I'm looking at converting some aspects of an Oracle based application to our
AS400 and I'd like to be able to size it and also do it without too many
changes to the schema..
Rick
The VARCHAR(500) will only occupy the minimum amount needed to hold each value.
It is fair to think of varying length character strings as a way to minimize
storage requirements. If a value is often less than 50 characters, but *might
be* up to 1000 characters, then create it like this:
> create table testtable
(col1 varchar(1000) allocate (50))
This tells the system to store values up to 50 characters in length in the fixed
portion of the table, then any values longer than 50 will be put in the varying
length storage associated with the file. The advantage to this approach is that
you get better performance for values in the fixed portion, but still have the
flexibility of storing up to 100 characters without occupying 1000 bytes per
row. The ALLOCATE clause is optional, if you don't specify it, the system will
choose a default.
... but still have the flexibility of storing up to *1000* characters without
occupying 1000 bytes per row.
How does DB2 internally handle the VARCHAR fields. Does it store them
separately and have a join behind the scenes to present the result set?
Thanks
Jim Mattheiss
Mark Megerian wrote in message <3981B3F7...@us.ibm.com>...
--
Kent Milligan, DB2 & BI team
PartnerWorld for Developers, AS/400
km...@us.removethis.ibm.com GO HAWKEYES!!
(opinions stated are not necessarily those of my employer)
Let me ask the question another way:
From a performance versus DASD utilization perspective, should we be
using CHARACTER(4000) or VARCHAR(4000) fields?
If we use CHAR, we are fixed 4000 bytes but reasonably fast I/O.
If we use VARCHAR, we have a calculated fixed portion and a auxiliary
portion.
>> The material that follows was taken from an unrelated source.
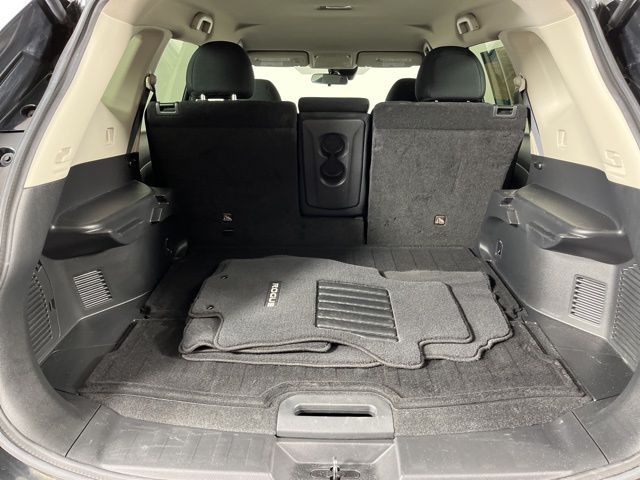 2019 Magnetic Black Pearl Nissan Rogue S FWD SUV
If the data is over the "breakpoint" and goes to aux, how
much additional overhead is involved on update/retrieval?
The issue is that we don't want to "tweak" the DB for UDB, but want to
deploy to any of the major players without schema changes. THe model
is in a third party tool, so going to a different DB just involves
setting up ODBC and Forward Engineering the model.
Thanks. Jim Mattheiss
In article <39857D05...@us.ibm.com>,
Sent via Deja.com http://www.deja.com/
Before you buy.
>Let me ask the question another way:
>
>From a performance versus DASD utilization perspective, should we be
>using CHARACTER(4000) or VARCHAR(4000) fields?
>
>If we use CHAR, we are fixed 4000 bytes but reasonably fast I/O.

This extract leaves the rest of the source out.